START Available data

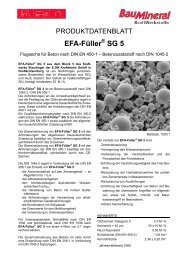 Produktdatenblatt Efa-Füller SG 5 Stand10
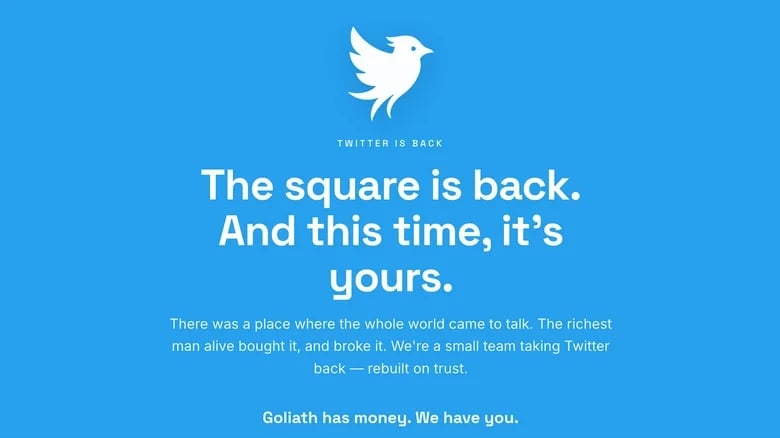 Twitter is back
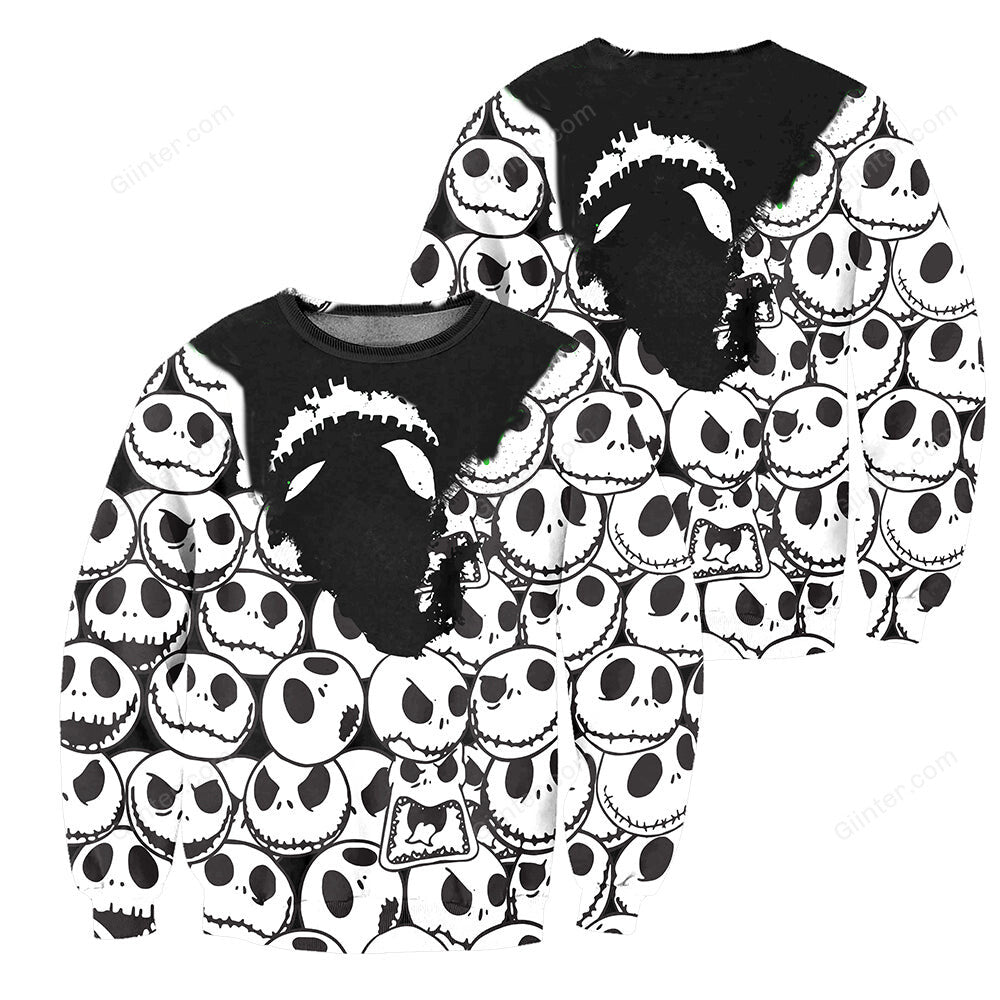 3D All Over Printed Jack Skellington Clothes 35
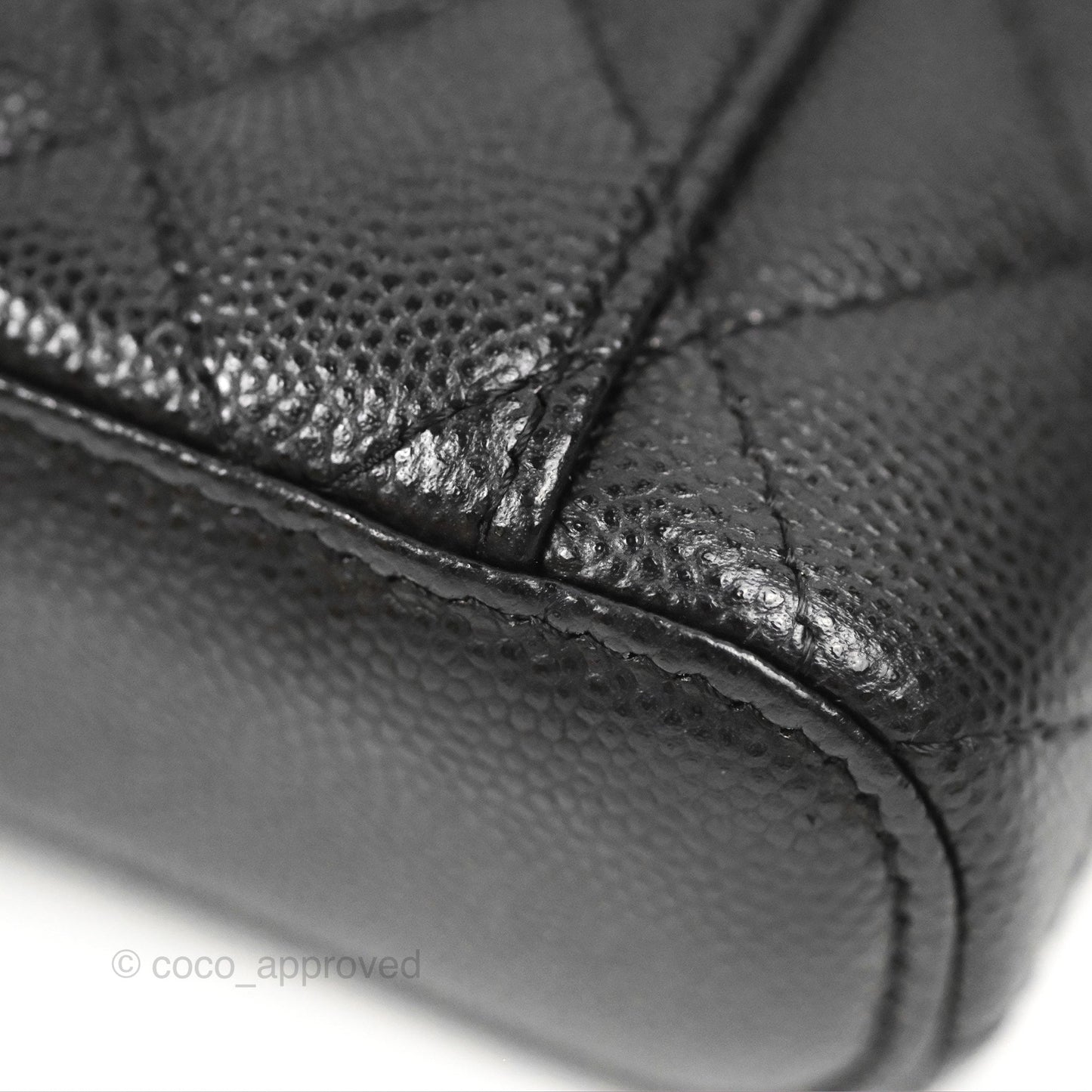 Chanel Classic Mini Vanity With Chain Black Caviar Gold Hardware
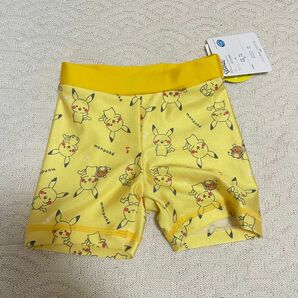 新品　モンポケ　ベビー　スイムウェア 水着 80 ピカチュウ　総柄　かわいい　男の子 ショートパンツ ハーフパンツ　1歳　2歳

END Available data

Exercise | Repeat, exactly and in full, every entry in the data, but not the pictures.

Answer to this problem |
 Produktdatenblatt Efa-Füller SG 5 Stand10
 Twitter is back
 3D All Over Printed Jack Skellington Clothes 35
 Chanel Classic Mini Vanity With Chain Black Caviar Gold Hardware
 新品　モンポケ　ベビー　スイムウェア 水着 80 ピカチュウ　総柄　かわいい　男の子 ショートパンツ ハーフパンツ　1歳　2歳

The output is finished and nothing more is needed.